**Data**:

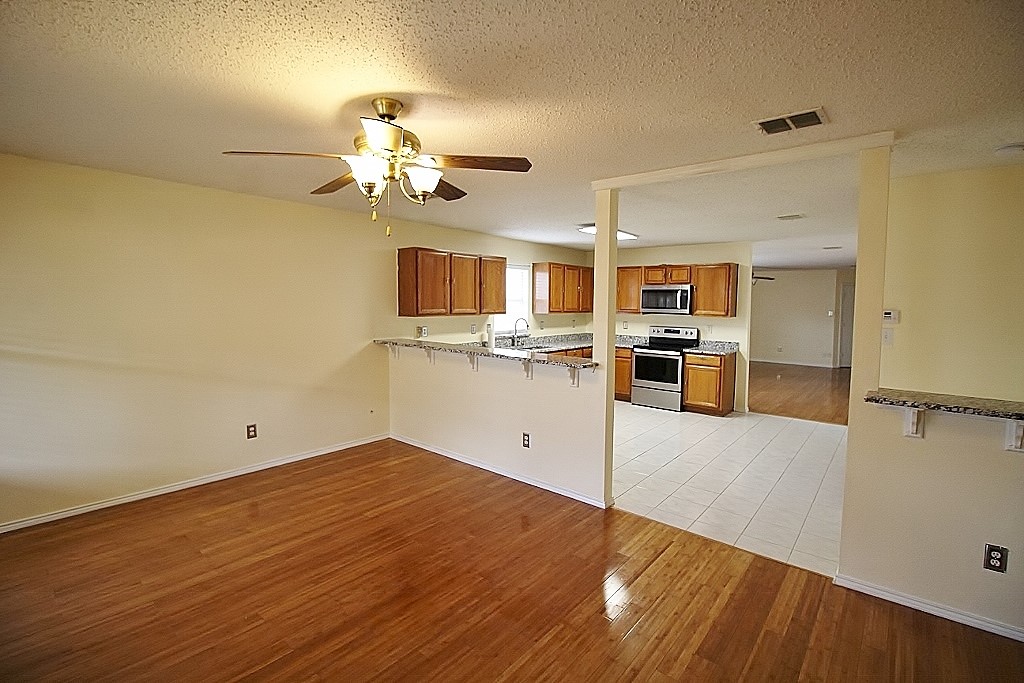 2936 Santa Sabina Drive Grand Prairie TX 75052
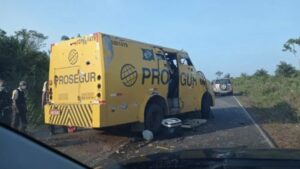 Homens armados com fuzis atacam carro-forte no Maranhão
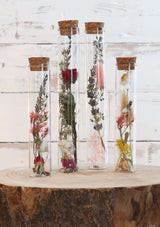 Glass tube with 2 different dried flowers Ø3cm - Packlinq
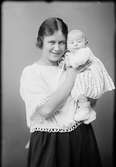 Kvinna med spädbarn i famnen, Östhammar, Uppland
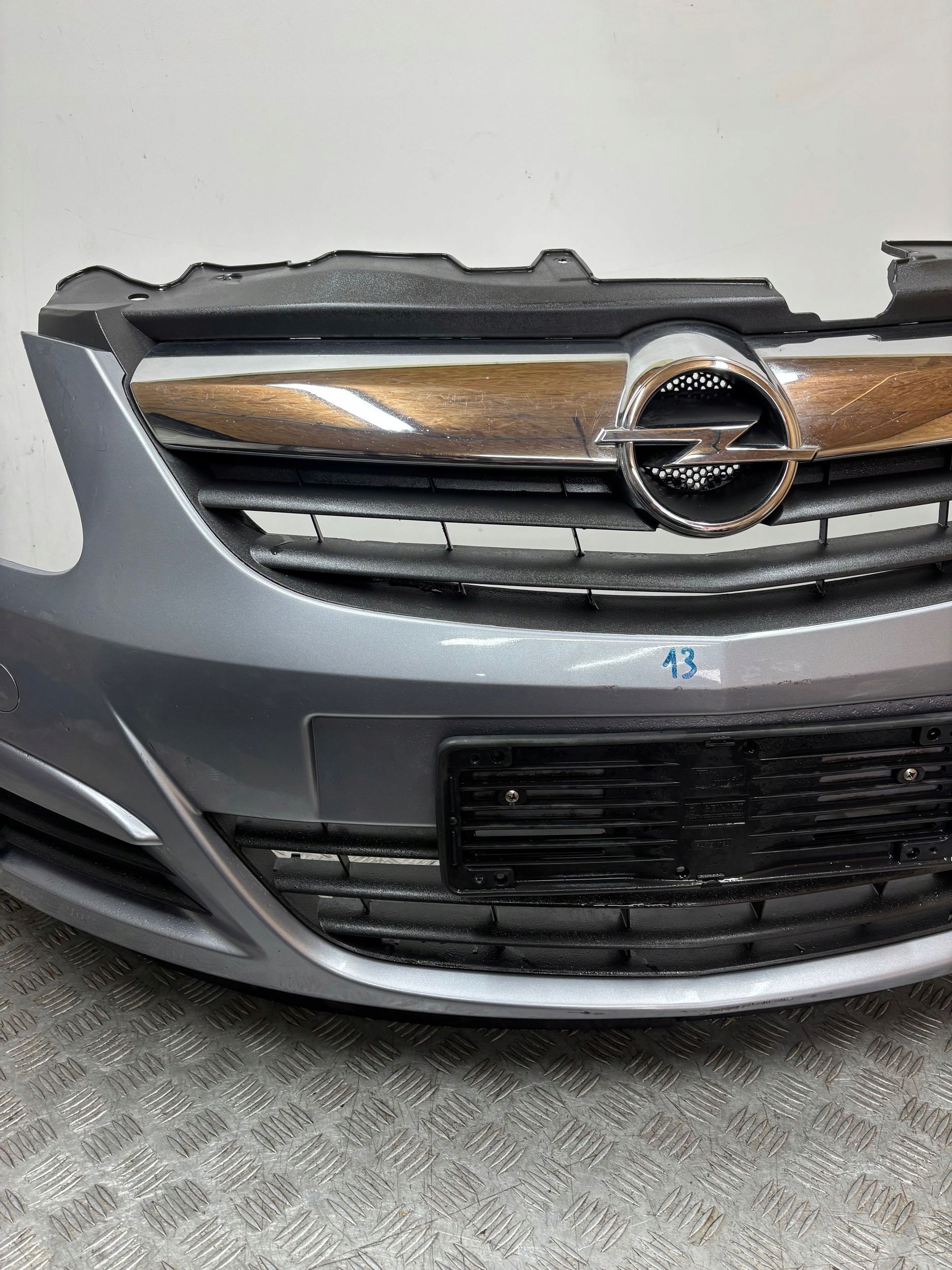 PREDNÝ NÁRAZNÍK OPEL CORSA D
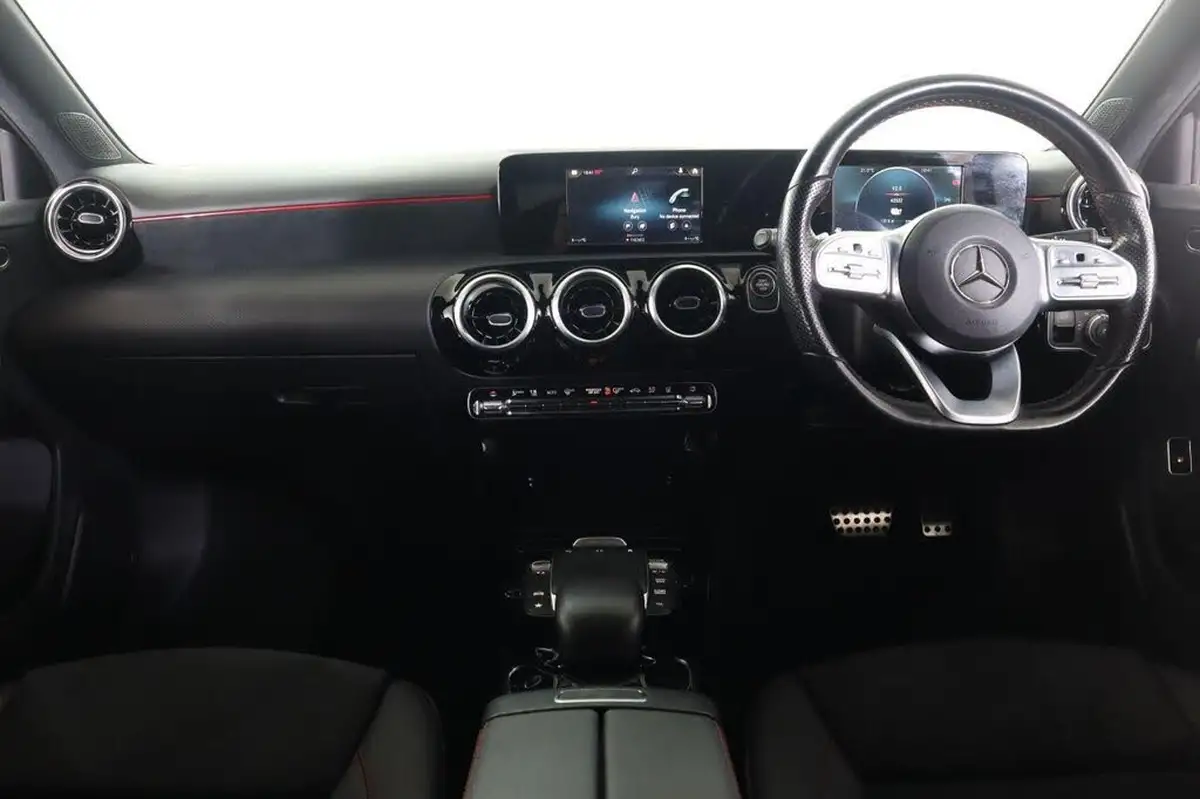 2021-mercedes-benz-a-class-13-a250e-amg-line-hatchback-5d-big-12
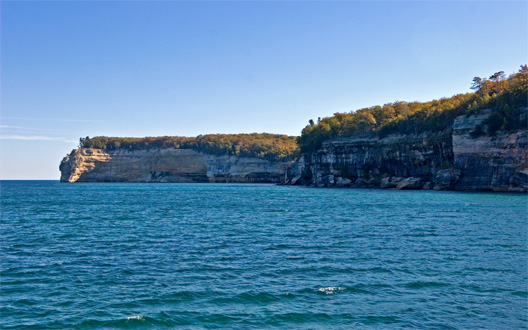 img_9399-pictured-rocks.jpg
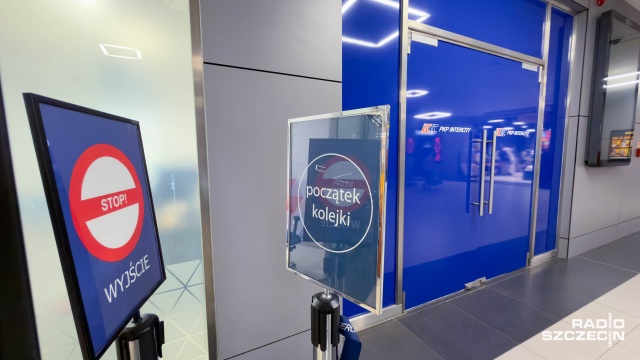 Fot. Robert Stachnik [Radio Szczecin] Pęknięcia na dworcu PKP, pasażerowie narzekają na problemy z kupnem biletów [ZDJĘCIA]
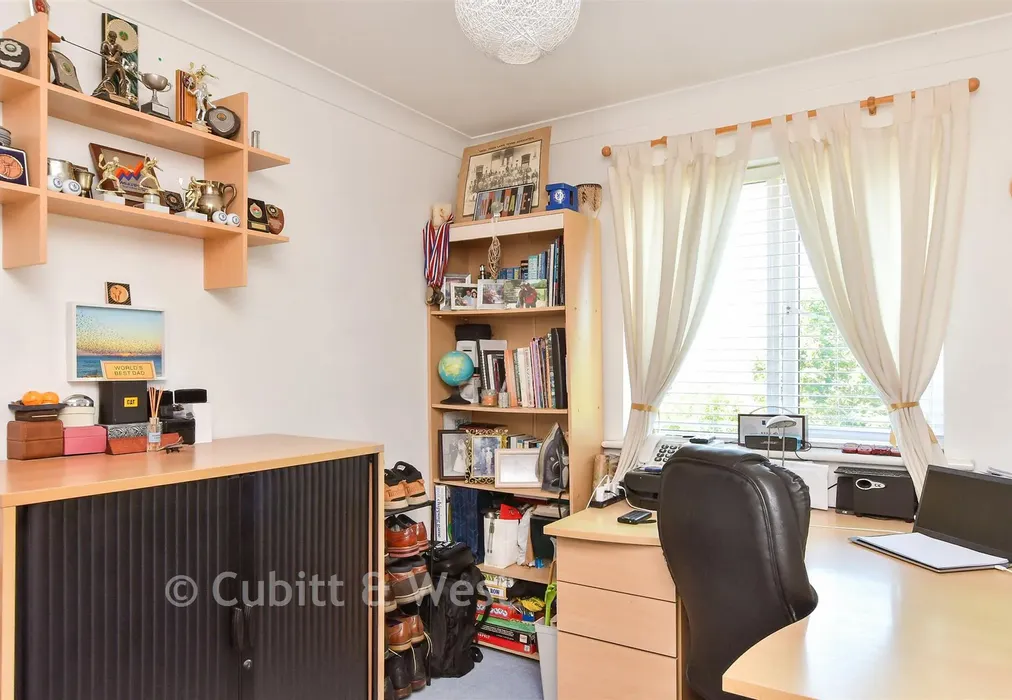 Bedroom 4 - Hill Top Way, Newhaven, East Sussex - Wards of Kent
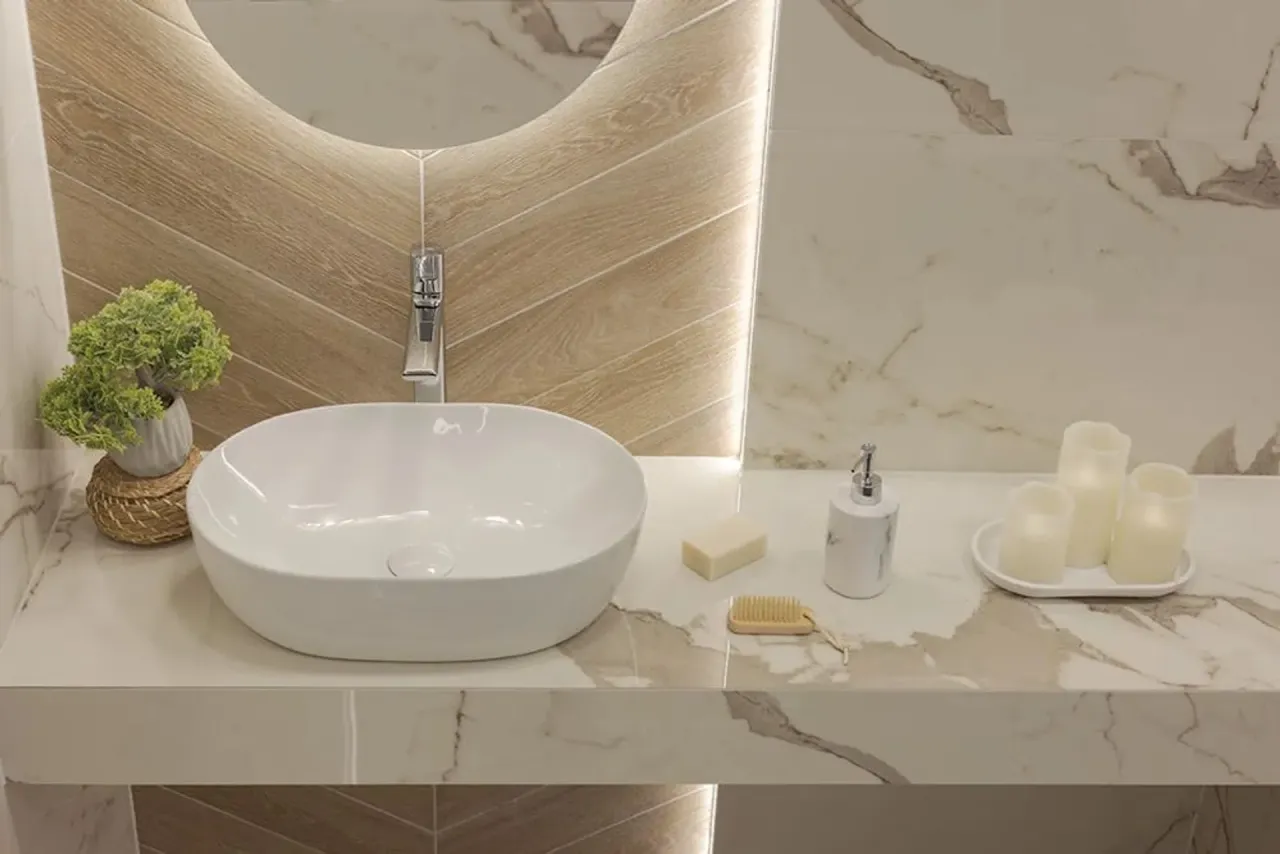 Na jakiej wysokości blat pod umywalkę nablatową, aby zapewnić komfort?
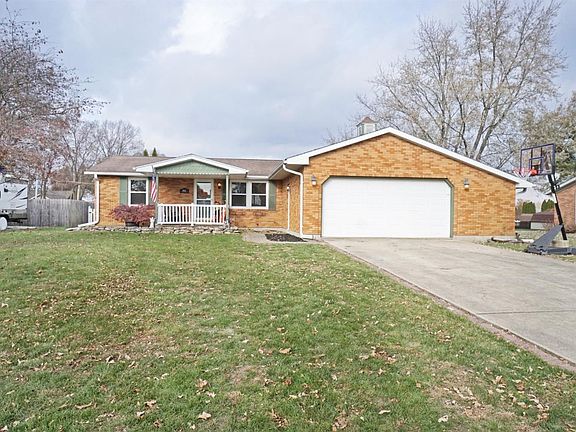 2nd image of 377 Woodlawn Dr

**Prompt**:
Give back exactly, and only, the lines from the one holding "Fot. Robert Stachnik" through the last line of the entries, with every picture omitted.

**Written reply**:
 Fot. Robert Stachnik [Radio Szczecin] Pęknięcia na dworcu PKP, pasażerowie narzekają na problemy z kupnem biletów [ZDJĘCIA]
 Bedroom 4 - Hill Top Way, Newhaven, East Sussex - Wards of Kent
 Na jakiej wysokości blat pod umywalkę nablatową, aby zapewnić komfort?
 2nd image of 377 Woodlawn Dr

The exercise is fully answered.